Since May 2014, six media workers have been killed while trying to report on the conflict, and dozens of journalists have been arrested by the rebels of the self-proclaimed republics of Donetsk and Lugansk. The growth in volunteer battalions fighting alongside the regular Ukrainian army also contributed to the establishment of arbitrary rule-by-militia in the region. When threats, the destruction of newsrooms and hostage-taking don’t work, the rebel groups simply replace the bosses of a newspaper with other journalists in their pay. Faced with the impossibility of working in the region, many journalists go into exile. Those who stay behind work in an atmosphere of oppressive self-censorship.
In the separatist province of Balochistan in western Pakistan, Baloch rebels, who have been resisting the Pakistani state since 1947, also ensure their version of events prevails on pain of death.
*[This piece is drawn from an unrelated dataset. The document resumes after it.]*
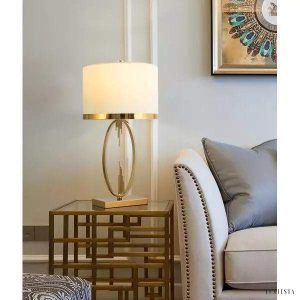 Metalowa lampa stołowa w stylu nowoczesnym z białym abażurem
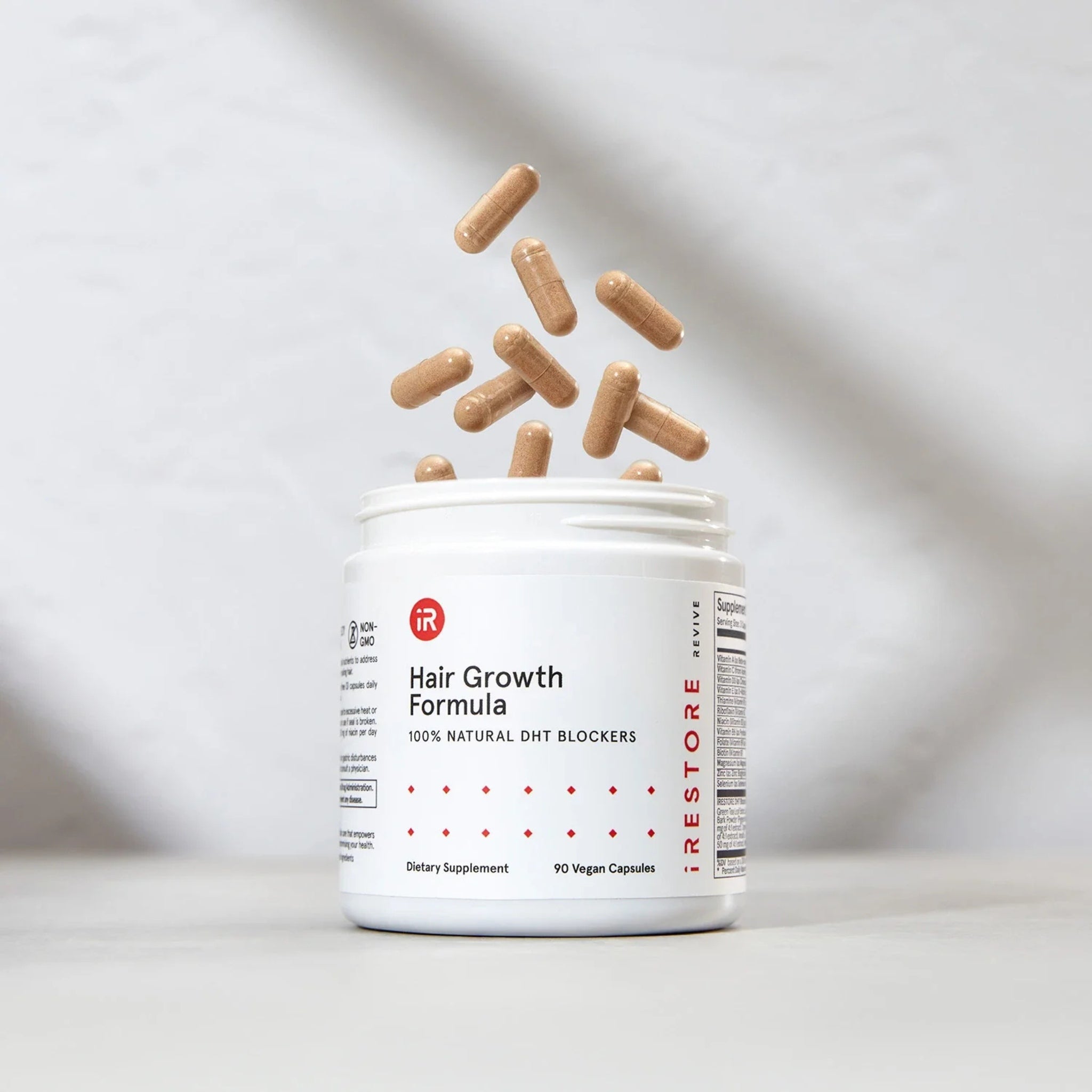 Open jar of iRestore Hair Growth Formula with capsules spilling out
In August 2014, three journalists were shot dead by gunmen who burst into the offices of the news agency Online.
Back in 2012, the agency’s bureau chief, Irshad Mastoi, explained that he was caught between the Baloch insurgents, who demanded that the agency publish their statements, and threats of retaliation by Pakistani intelligence if he yielded to rebel pressure. His independence cost him his life.
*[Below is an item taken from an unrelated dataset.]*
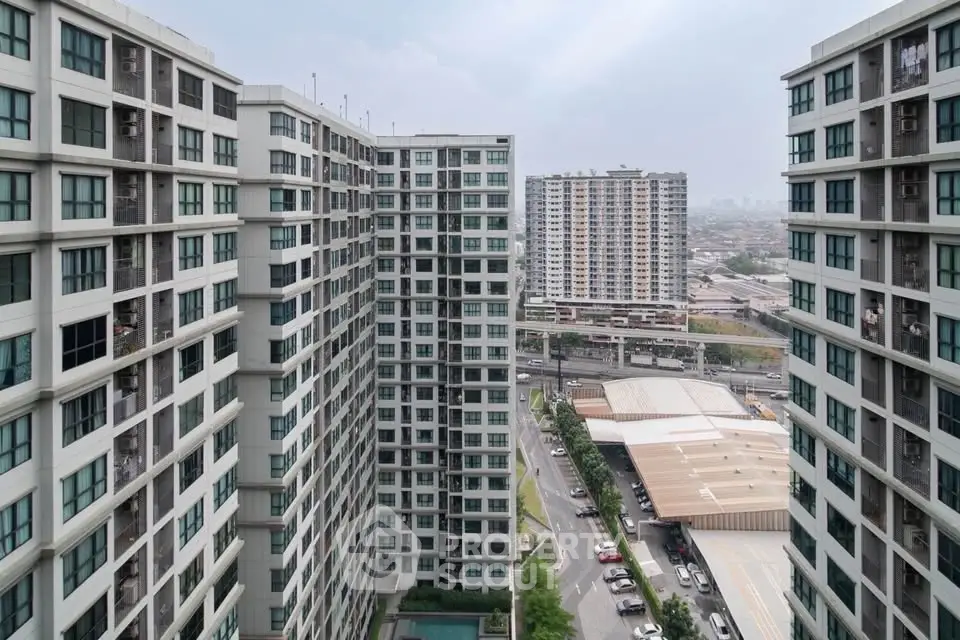 High-rise residential buildings with cityscape view, showcasing urban living and modern architecture.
Organized crime and impunity
Criminal gangs taking advantage of political patronage or exploiting the government’s inability to impose its authority pose a genuine threat for investigative journalists who try to keep the public informed about corruption and the collusion that sometimes exists between the powers in place and such groups. Attacks on journalists are a source of particular concern since they are carried out in a climate of almost total impunity.
In Mexico, the country where more journalists are killed in the course of their work than anywhere else in the Americas, it is not a good idea to talk about links between the authorities and organised crime. The three journalists killed in 2014, Octavio Rojas Hernandez in Oaxaca state, Jorge Torres Palacio in Vera Cruz and the netizen María del Rosario Fuentes Rubio, who worked for the news portal Valor de Tamaulipas, were all investigating such matters.
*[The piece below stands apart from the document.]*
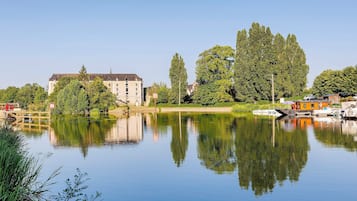 Un lac paisible où se reflètent les arbres et les bâtiments, un pont en bois et des bateaux amarrés près d’un bâtiment doté d’un toit en pente.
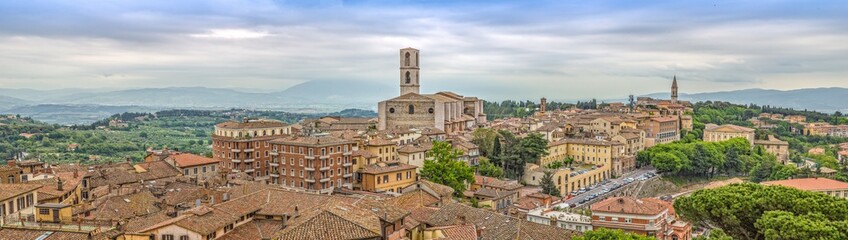 Fototapeta na wymiar Perugia is a lively medieval walled hill town.Panoramic view of Perugia with basilica of San Domenico and with historic buildings, Umbria, Italy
A photo of Fuentes Rubio’s dead body was published on her Twitter account the day after her kidnaping, accompanied by the message: “Shut down your accounts, do not risk your families’ lives as I have done. I ask your forgiveness.”
A year earlier, a $45,000 price tag was placed on the head of the Valor por Tamaulipas administrator. As a result, many news organisations in Latin America have officially given up covering the illegal drugs trade for fear of reprisals.
In the Philippines, the journalist Nilo Baculo Sr. was killed after he published stories about the involvement of public and elected officials in drug trafficking. He was shot outside his home on 9 June 2014 by private militiamen in the pay of politicians. In such a climate of fear, self-censorship is the rule.
In Italy, such violence is growing at an alarming rate, according to Ossigeno per l’informazione, an Italian NGO that monitors freedom of information which recorded 421 threats in 2014, a 10 percent increase over 2013. Death threats are common and are usually made in the form of letters or symbols that signify death, such as a cross scratched on a journalist’s car, or bullets sent through the post …
Sometimes the target’s property is damaged. On 17 June, the car of Guido Scarpino, a journalist with the daily Il Garantista, was set on fire in Cosenza province, a stronghold of the ‘Ndrangheta, which is on the Reporters Without Borders list of “Predators of Press Freedom.”
To this can be added the increasing use of defamation suits by interest groups that wish to silence journalists. A practice that is perfectly legal as well as being highly effective.